§ **PROMPT**
Start the copy at the line containing "Opinii despre كريزي" and run it through the last line of the records. Repeat each line exactly; omit pictures.

§ **PROVIDED RECORDS**

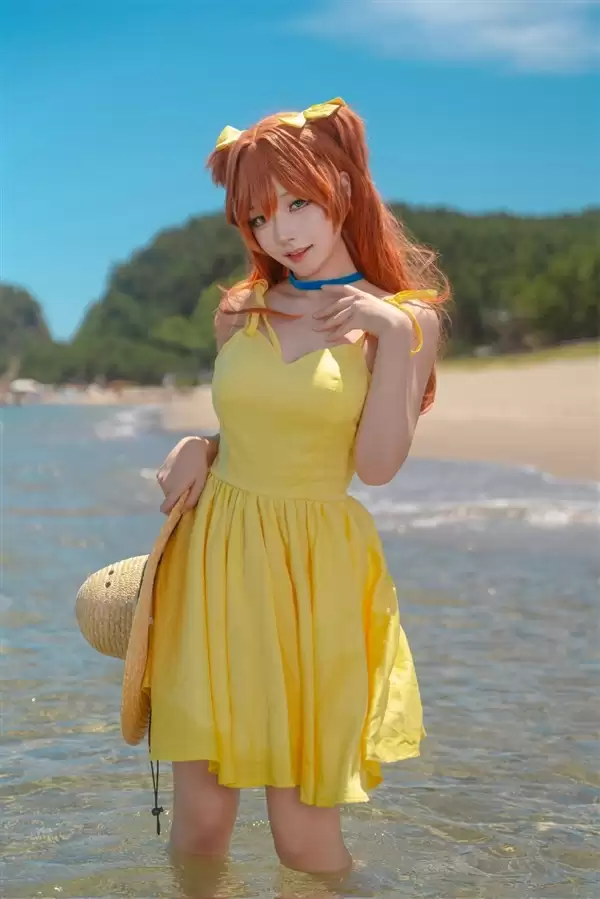 韩国美女Cos《妮姬》美图赏：绝佳身材 青春无敌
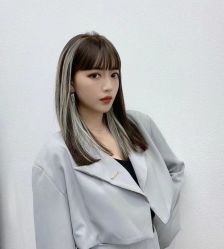 -镁连社·美联社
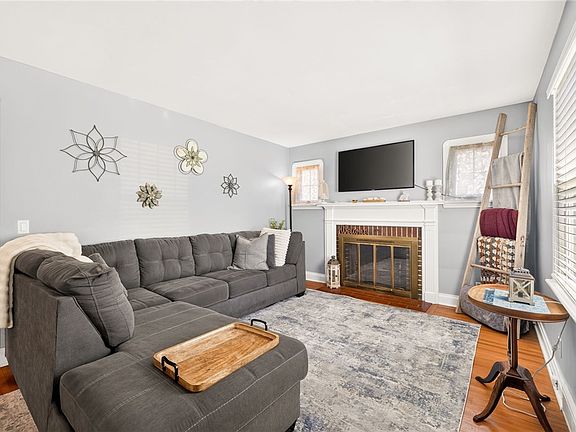 3rd image of 66 Gilbert Dr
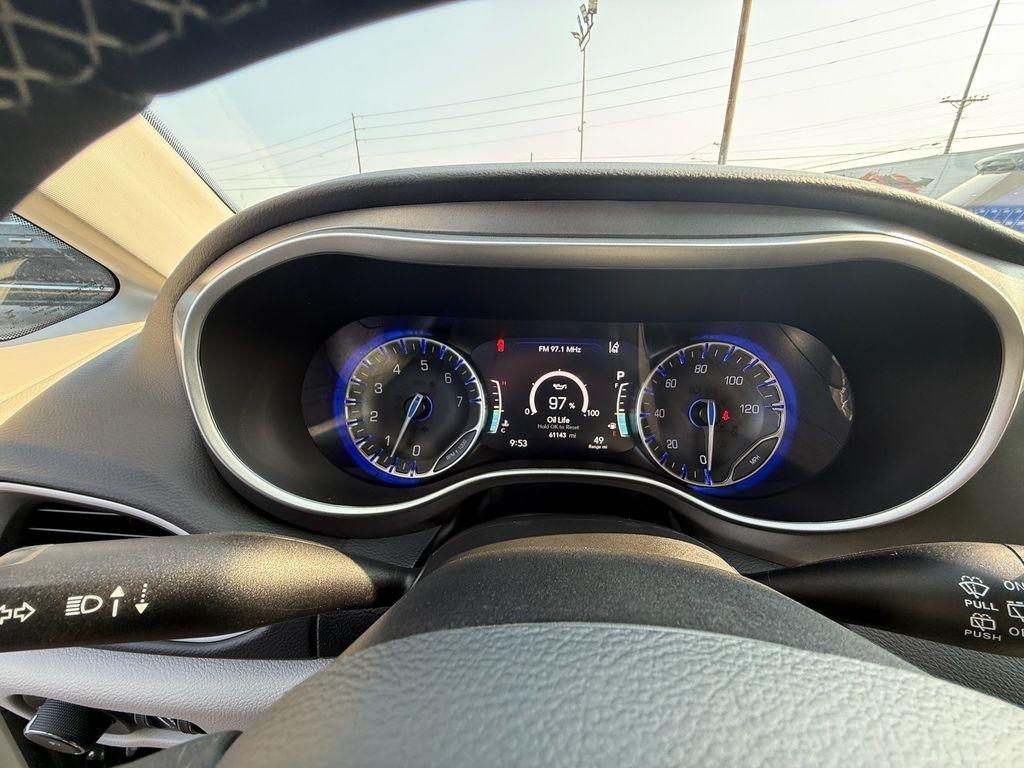 Chrysler Pacifica Touring L 2024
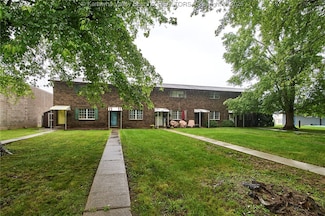 121 1st Ave, Charleston, WV 25303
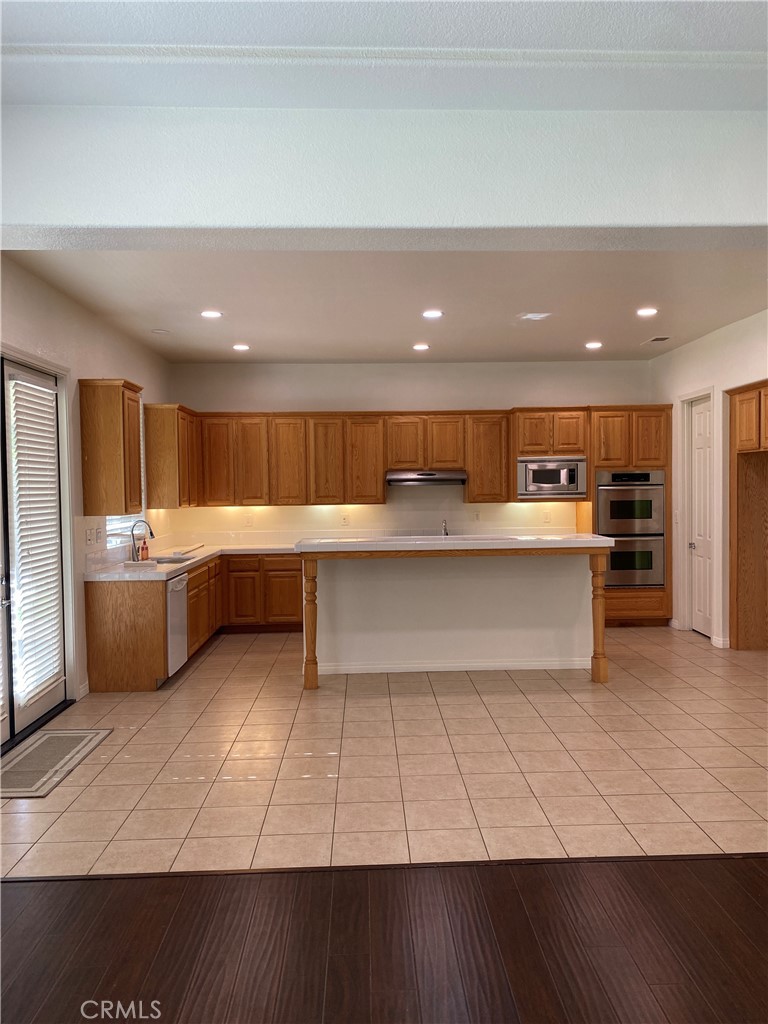 11014 Cleveland Avenue Property Photo 7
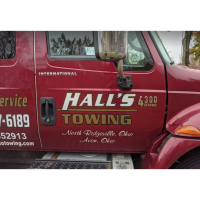 Hall's Towing Logo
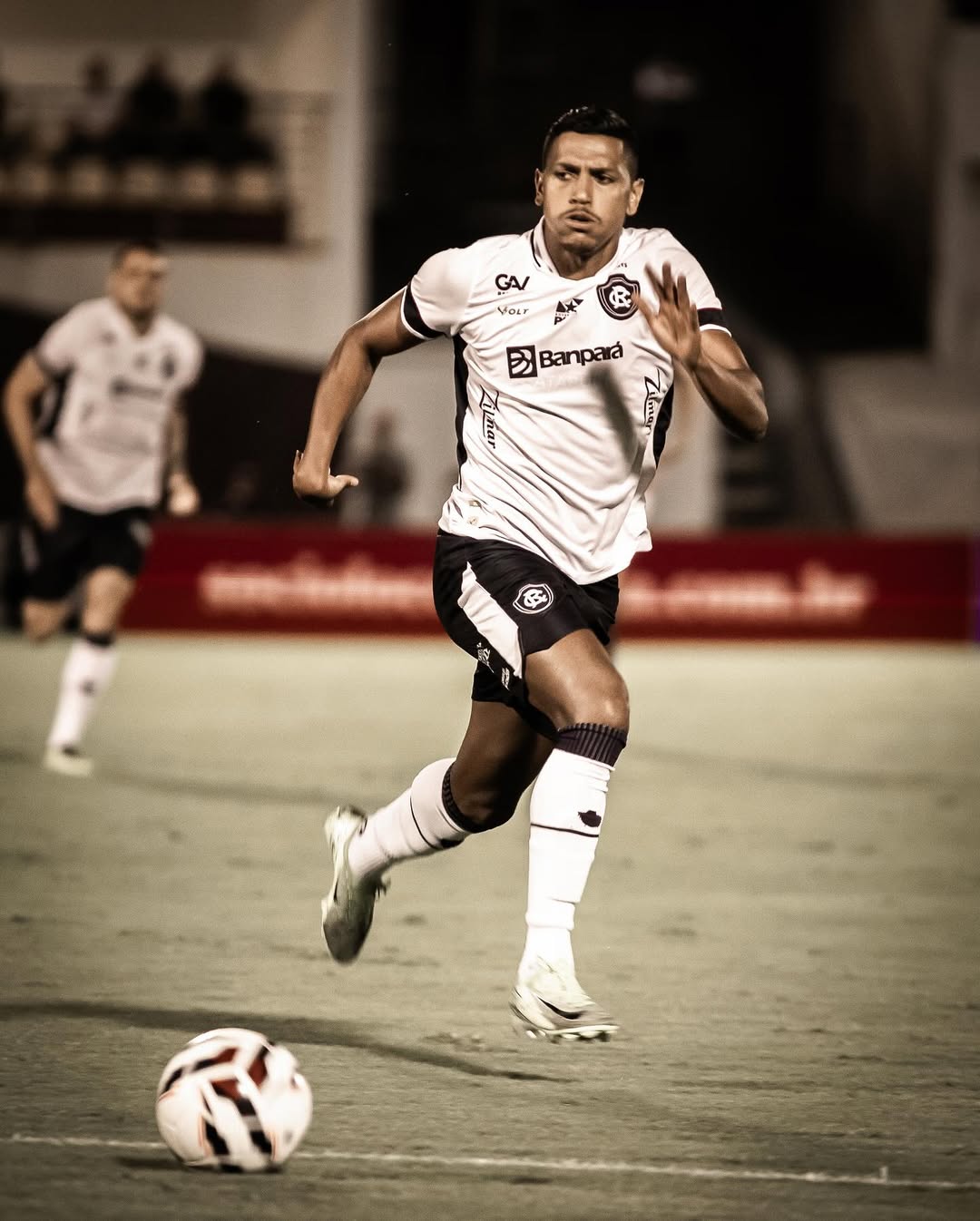 pedro-rocha-em-campo-pelo-remo (2).jpg
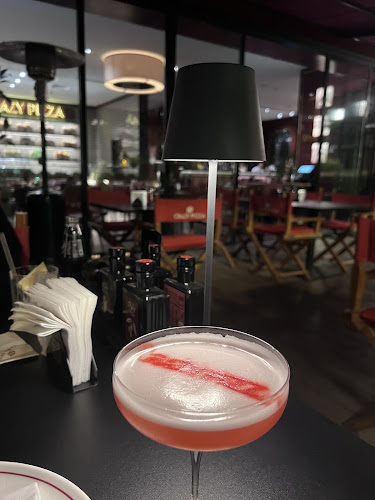 Opinii despre كريزي بيتزا în الرياض - الضيافة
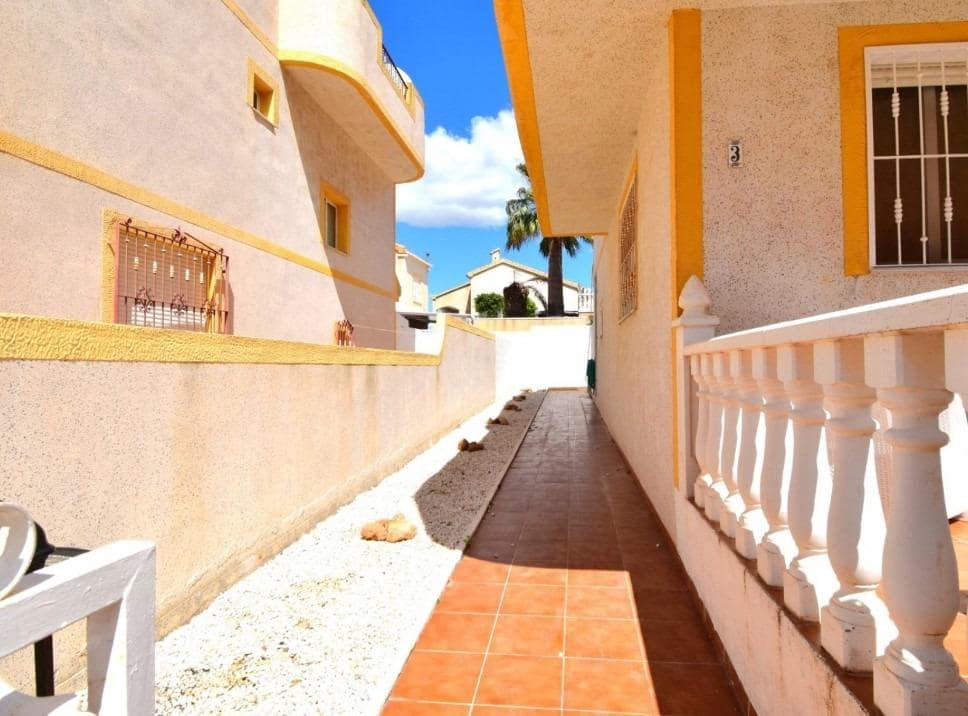 3 sovrum Radhus till salu i La Florida med pool - 184 900 € (Ref: 9449049)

§ **REPLY TO THE TASK**
 Opinii despre كريزي بيتزا în الرياض - الضيافة
 3 sovrum Radhus till salu i La Florida med pool - 184 900 € (Ref: 9449049)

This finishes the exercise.